A semicircular shaped window has a diameter of 63 cm. Find its perimeter (in cm), including the curved part and the diameter (assume pi = 22/7).

Introduction / Context:
This question tests perimeter of a semicircle. A semicircle's boundary consists of two parts: the curved arc (which is half the circumference of the full circle) and the straight diameter line. Many mistakes happen when learners compute only the curved arc and forget to add the diameter, or they use radius incorrectly. Since diameter is given, first find radius, compute the semicircular arc length as pi*r, then add the diameter to get total perimeter. Units remain in centimetres throughout, and pi = 22/7 is used for neat arithmetic.

Given Data / Assumptions:

• Diameter d = 63 cm
• Radius r = d/2 = 31.5 cm
• Perimeter of semicircle = (arc length) + diameter
• Arc length of semicircle = (1/2)*2*pi*r = pi*r

Concept / Approach:
Compute arc = pi*r and then add the diameter.
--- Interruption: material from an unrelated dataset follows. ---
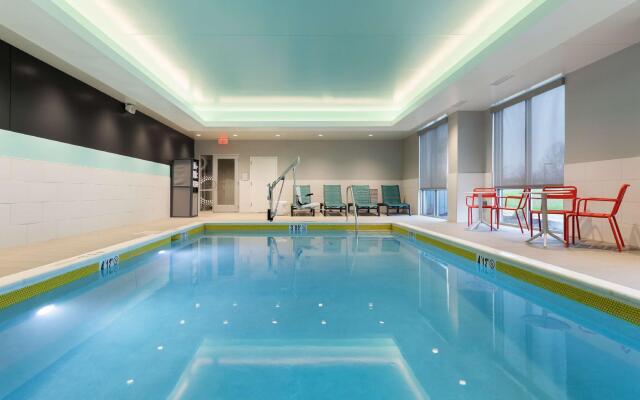 TRU BY Hilton Sharonville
Use pi = 22/7 to evaluate pi*r accurately.

Step-by-Step Solution:
r = 63/2 = 31.5 cm Arc length = pi*r = (22/7)*31.5 31.5/7 = 4.5, so arc = 22*4.5 = 99 cm Perimeter = arc + diameter = 99 + 63 = 162 cm

Verification / Alternative check:
Half circumference approach: full circumference = pi*d = (22/7)*63 = 198 cm, half is 99 cm, then add diameter 63 cm gives 162 cm. Same result confirms correctness.
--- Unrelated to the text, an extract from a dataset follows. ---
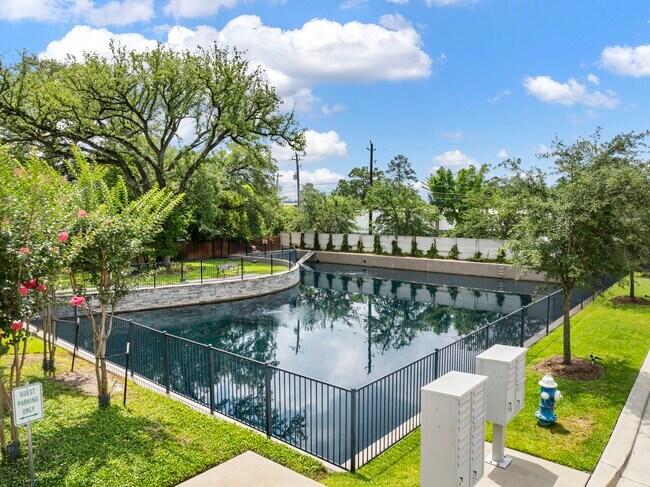 Photo - 5021 Lehman Oaks Dr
Why Other Options Are Wrong:
99 (not listed) would be the arc only; 132 and 142 come from wrong pi usage or wrong r. 172 is too large and suggests adding extra length beyond arc + diameter.

Common Pitfalls:
Forgetting to include diameter, using d instead of r in pi*r, or calculating half circumference incorrectly.

Final Answer:
The perimeter of the semicircular window is 162 cm.